Last week, Infrastructure Canada and Statistics Canada released the first category of results from Canada’s Core Public Infrastructure survey. The survey examines the inventory, condition, performance and investment of core public infrastructure owned and operated by provincial, territorial, regional and municipal governments from the year 2018. So far, only data on Roads, Bridges and Tunnels have been released, while data from (1) Storm Water, Wastewater, and Potable Water, (2) Culture, Recreation Facilities, and Housing, and (3) Public Transit, Solid Waste and Asset Management are coming soon.

Local roads* remain the most prevalent road type in Canada and account for 69.5 percent of all municipally owned roads.
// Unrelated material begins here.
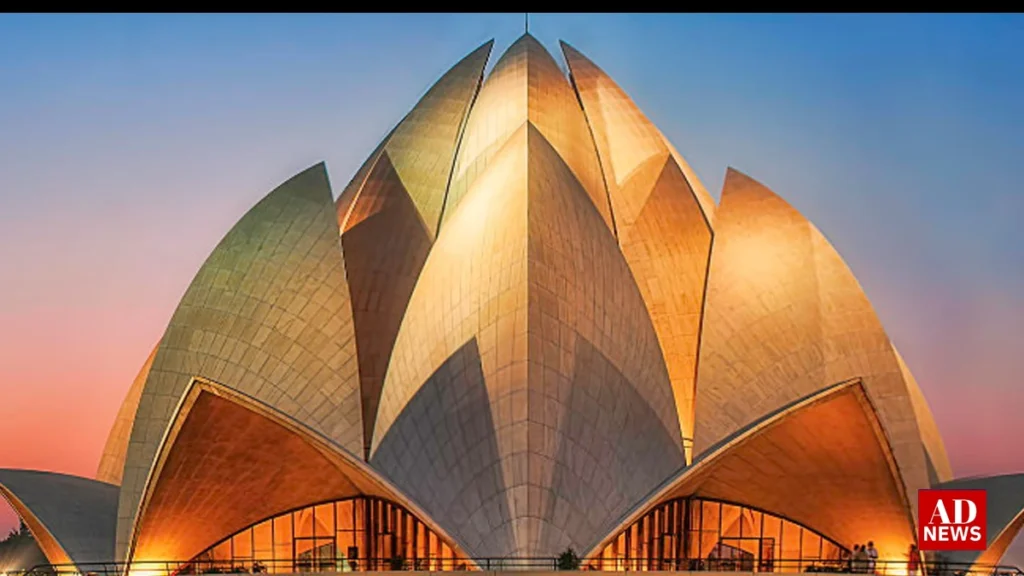 Lotus temple: दिल्ली की शानदार वास्तुकला का अनमोल खजाना!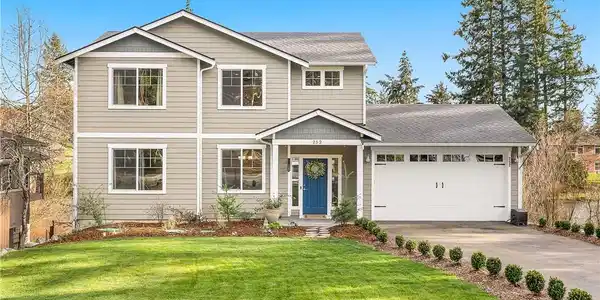252 Loch Lane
From 2017 – 2018, rural municipalities completed 25,362 kilometers of local road construction in Canada and urban municipalities completed 2,882 kilometers. Across Canada, 28.4 percent of municipally owned local roads are in fair condition, 34.1 percent are in good condition and 18.1 percent are reported to be in very good condition. In contrast, 10 percent and 4.5 percent of local roads are in poor or very poor condition, respectively. Nova Scotia had the highest percent of local roads in very good condition, reporting 30.9 percent of local roads in very good condition by urban municipalities. The average expected useful life of municipally owned local roads in Canada is 31 years for both urban and rural municipalities.

Of the municipalities who own road assets in Canada, 93 percent in Ontario have a road asset management plan in place, 76 percent in New Brunswick, 66 percent in Saskatchewan, 61 percent in British Columbia, and 59 percent in Alberta. Ontario’s high percentage of road asset management plans can be attributed to O. Reg. 588/17 requiring all municipalities to have an asset management plan in place by 2024.

Full data released for Roads, Bridges and Tunnels can be found here. We will release a full briefing on the Survey once all data is available.

*local roads are defined as roads that provide for low volumes of traffic and access to private properties; local roads are designed for low speeds, have capacity for 2 undivided lanes of traffic; through traffic is discouraged and parking is usually permitted though often controlled.